With these building blocks, we can represent any integer constant. We can verify it works with Sharplab:

class Example {
    int Run() {
        return default(Neg<Num<D2,DF>>).Run();
    }
}
// compiles to
    L0000: mov eax, 0xffffffd1
    L0005: ret

Converting Bytecode

Parakeet

As I mentioned before, the compiler consumes the interpreter's bytecode. The following instructions need to be converted:

UpdateCell(offset, inc): Adds inc to the cell at offset from the current pointer.
UpdatePointer(offset): Modifies the current pointer by offset.
ZeroCell(offset): Sets the cell at offset from the current pointer to zero.
LoopStart(offset): Jumps forward to offset if the current cell is zero.
LoopEnd(offset): Jumps backward to offset if the current cell is nonzero.
OutputCell(offset): Writes the cell to output at offset from the current pointer.

I define an Operation interface, and a struct for each instruction. Here's an example:

interface Op {
    int Run(int index, byte[] data, Output output);
}

struct ZeroCell<OFFSET,NEXT> : Op
    where OFFSET: struct, Const
    where NEXT: struct, Op
{
    [MethodImpl(MethodImplOptions.AggressiveInlining)]
    public int Run(int index, byte[] data, Output output)
    {
        data[index + default(OFFSET).Run()] = 0;
        return default(NEXT).Run(index, data, output);
    }
}

Most operations have a NEXT parameter, which allows us to chain them together. The final operation in a chain sets this to a Stop type, which does nothing.

struct Stop : Op
{
    [MethodImpl(MethodImplOptions.AggressiveInlining)]
    public int Run(int index, byte[] data, Output output)
    {
        return index;
    }
}

Instead of storing the current pointer in some state object, it is passed around and returned by each operation. My hope is that this will keep it in a register as much as possible, and avoid constantly loading and storing it.
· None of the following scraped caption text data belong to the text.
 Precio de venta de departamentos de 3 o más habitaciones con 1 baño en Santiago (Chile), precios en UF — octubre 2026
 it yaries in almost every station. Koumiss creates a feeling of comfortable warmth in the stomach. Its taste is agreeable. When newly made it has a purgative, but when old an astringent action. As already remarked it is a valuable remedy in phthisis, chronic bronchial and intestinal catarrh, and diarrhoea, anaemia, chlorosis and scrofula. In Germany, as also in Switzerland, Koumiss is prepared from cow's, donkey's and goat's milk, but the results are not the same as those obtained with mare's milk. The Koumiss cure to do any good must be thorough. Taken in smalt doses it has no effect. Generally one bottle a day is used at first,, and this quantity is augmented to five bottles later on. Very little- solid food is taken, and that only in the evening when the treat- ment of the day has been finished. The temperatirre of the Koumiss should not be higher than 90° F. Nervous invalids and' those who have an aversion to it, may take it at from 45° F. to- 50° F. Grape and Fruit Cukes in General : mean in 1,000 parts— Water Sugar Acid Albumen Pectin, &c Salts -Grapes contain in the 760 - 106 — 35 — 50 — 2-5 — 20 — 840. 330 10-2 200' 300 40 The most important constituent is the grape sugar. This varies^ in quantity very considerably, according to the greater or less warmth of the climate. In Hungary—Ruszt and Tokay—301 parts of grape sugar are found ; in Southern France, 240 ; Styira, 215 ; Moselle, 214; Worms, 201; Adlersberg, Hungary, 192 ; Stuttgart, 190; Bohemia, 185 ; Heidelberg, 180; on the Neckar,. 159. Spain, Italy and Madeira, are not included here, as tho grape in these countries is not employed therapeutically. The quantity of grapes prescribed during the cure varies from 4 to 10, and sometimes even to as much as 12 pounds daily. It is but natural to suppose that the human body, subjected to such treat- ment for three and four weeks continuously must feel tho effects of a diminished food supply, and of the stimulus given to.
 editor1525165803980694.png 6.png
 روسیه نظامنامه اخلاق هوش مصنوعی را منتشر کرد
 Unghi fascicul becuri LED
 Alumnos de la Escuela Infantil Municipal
struct UpdatePointer<OFFSET,NEXT> : Op
    where OFFSET: struct, Const
    where NEXT: struct, Op
{
    [MethodImpl(MethodImplOptions.AggressiveInlining)]
    public int Run(int index, byte[] data, Output output)
    {
        index += default(OFFSET).Run();
        return default(NEXT).Run(index, data, output);
    }
}

The LoopStart and LoopEnd instructions are converted into a single Loop type:

struct Loop<BODY,NEXT> : Op
    where BODY: struct, Op
    where NEXT: struct, Op
{
    [MethodImpl(MethodImplOptions.AggressiveInlining)]
    public int Run(int index, byte[] data, Output output)
    {
        var body = default(BODY);
        while (data[index] != 0) {
            output.CheckKill();
            index = body.Run(index, data, output);
        }
        return default(NEXT).Run(index, data, output);
    }
}

Both BODY and NEXT are Operation chains. The call to output.CheckKill() tests whether we want to pre-emptively terminate the program, and throws an exception if we do.

If you want to see all the operations, you can take a look at the source here.

SharpLab refuses to dump assembly for anything more than very trivial generics. I don't have good debugger skills, and using a debugger on JIT'ed is painful. I wrote a simple native module for dumping assembly, but even when it works, it's very difficult to make sense of the output. I mostly pray that it works and trust the benchmarks at this point.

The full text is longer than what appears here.